◆ **Your instructions**: In the records below, find the line with "Hand drawn batik" and repeat exactly every line from it through the line with "Targetのインスタグラム：「Today is sweeter". Pictures stay out.

◆ **Given entries**:
——————————
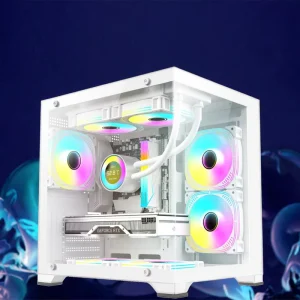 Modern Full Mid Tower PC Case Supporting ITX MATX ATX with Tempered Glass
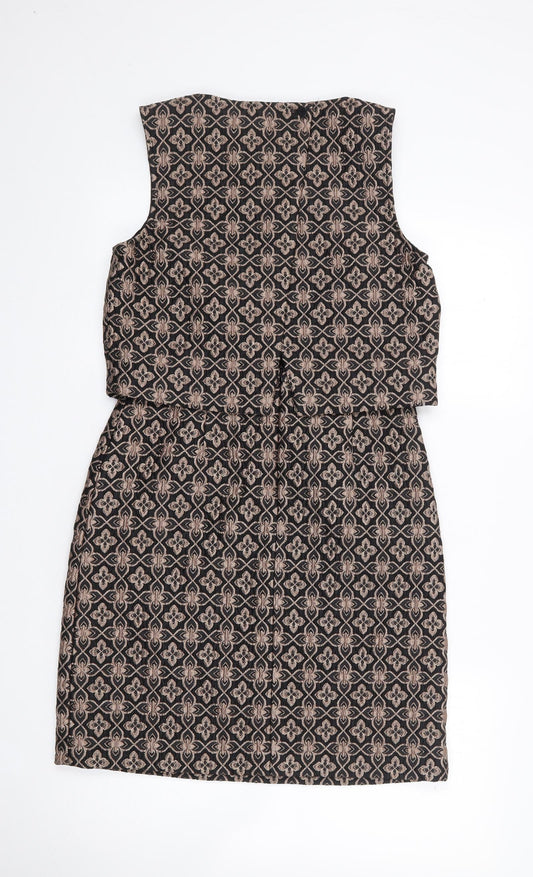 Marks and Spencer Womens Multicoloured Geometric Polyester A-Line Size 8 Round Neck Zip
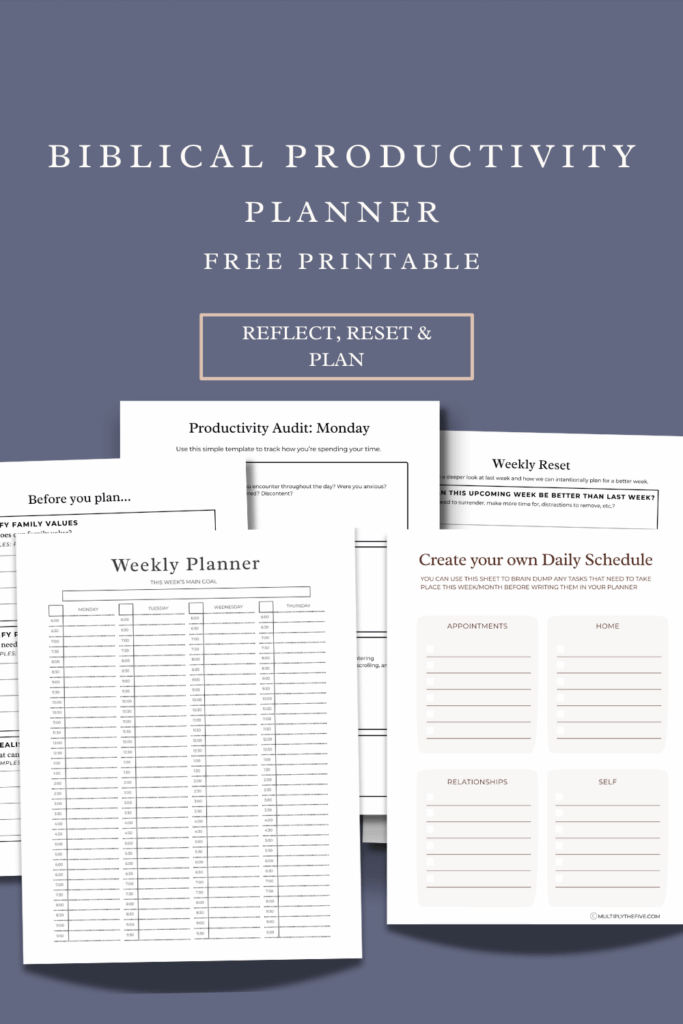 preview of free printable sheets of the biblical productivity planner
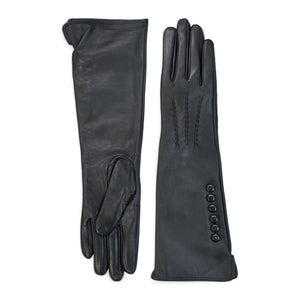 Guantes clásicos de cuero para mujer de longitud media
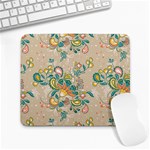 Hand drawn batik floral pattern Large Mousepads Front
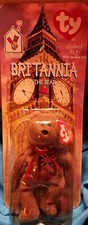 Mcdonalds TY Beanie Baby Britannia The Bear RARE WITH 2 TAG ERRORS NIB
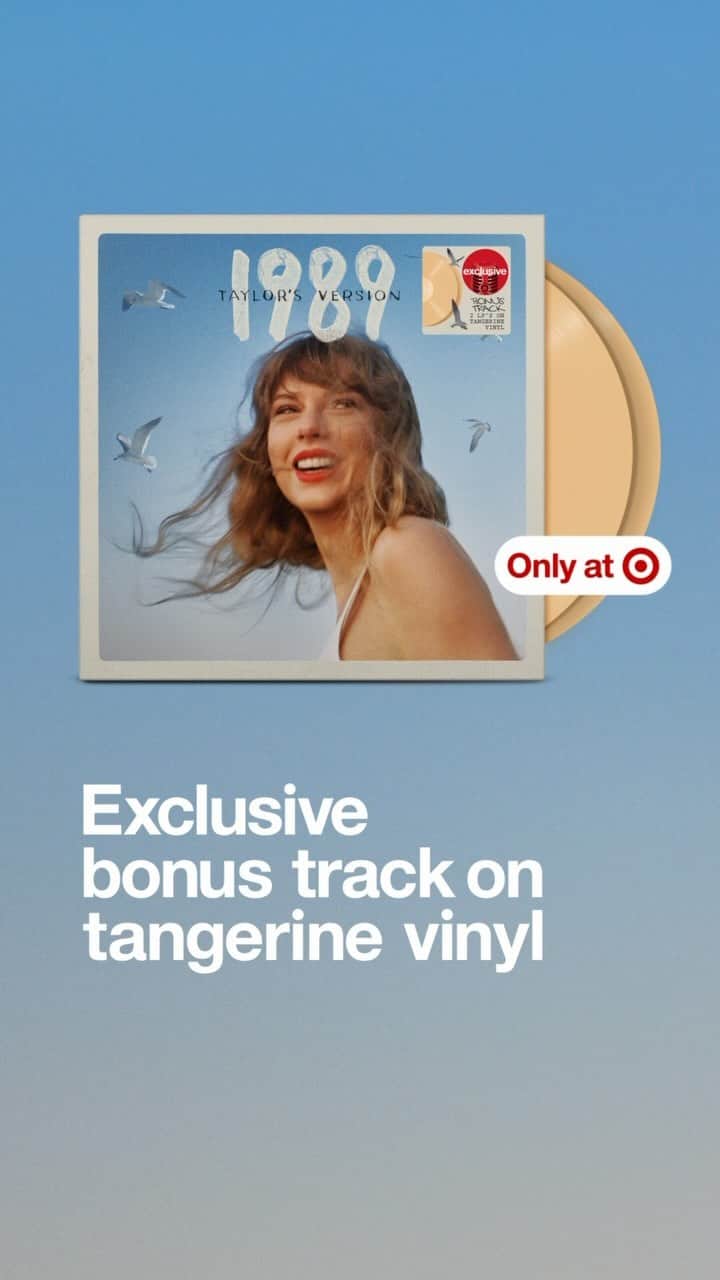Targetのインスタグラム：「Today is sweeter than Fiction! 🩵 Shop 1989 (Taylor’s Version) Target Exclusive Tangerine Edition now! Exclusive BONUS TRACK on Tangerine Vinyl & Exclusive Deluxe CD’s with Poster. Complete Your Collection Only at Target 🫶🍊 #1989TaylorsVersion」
——————————
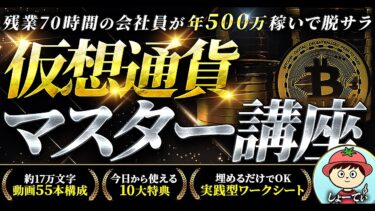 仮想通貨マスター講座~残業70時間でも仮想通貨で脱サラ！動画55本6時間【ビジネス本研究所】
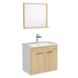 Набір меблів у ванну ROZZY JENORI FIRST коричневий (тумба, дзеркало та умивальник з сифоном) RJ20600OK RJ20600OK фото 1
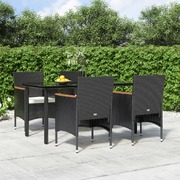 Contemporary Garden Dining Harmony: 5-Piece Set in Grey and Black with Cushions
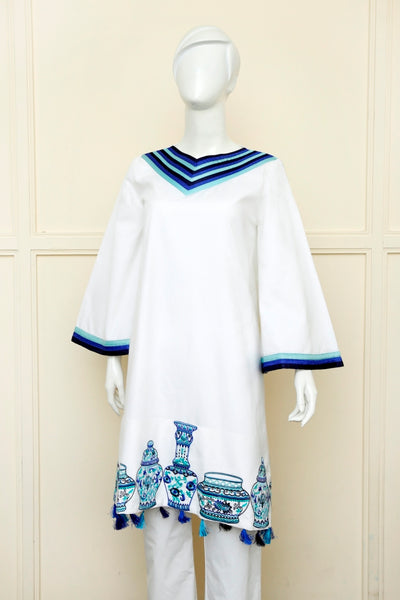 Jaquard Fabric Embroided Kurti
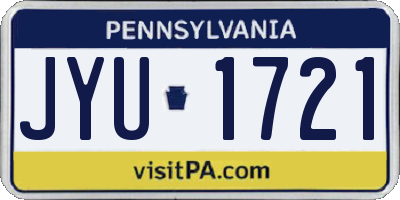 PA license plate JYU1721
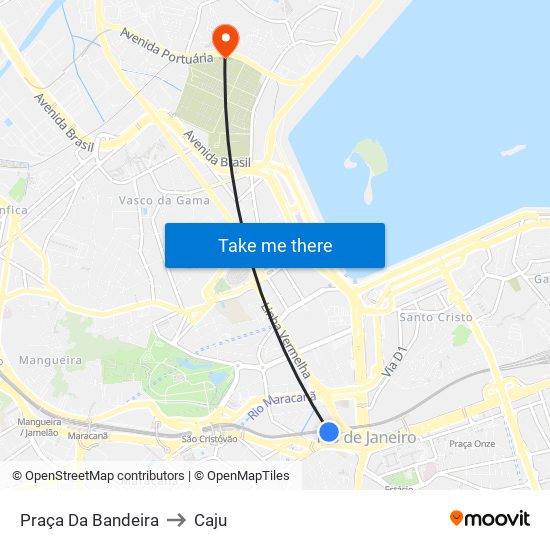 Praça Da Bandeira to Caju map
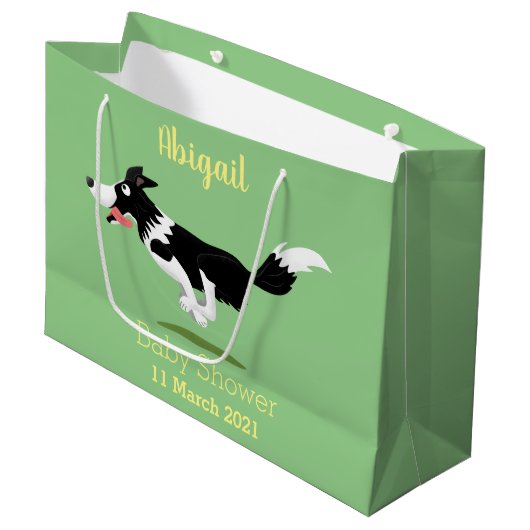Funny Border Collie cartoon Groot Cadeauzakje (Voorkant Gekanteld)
——————————
◆ **Task result**:
 Hand drawn batik floral pattern Large Mousepads Front
 Mcdonalds TY Beanie Baby Britannia The Bear RARE WITH 2 TAG ERRORS NIB
Targetのインスタグラム：「Today is sweeter than Fiction! 🩵 Shop 1989 (Taylor’s Version) Target Exclusive Tangerine Edition now! Exclusive BONUS TRACK on Tangerine Vinyl & Exclusive Deluxe CD’s with Poster. Complete Your Collection Only at Target 🫶🍊 #1989TaylorsVersion」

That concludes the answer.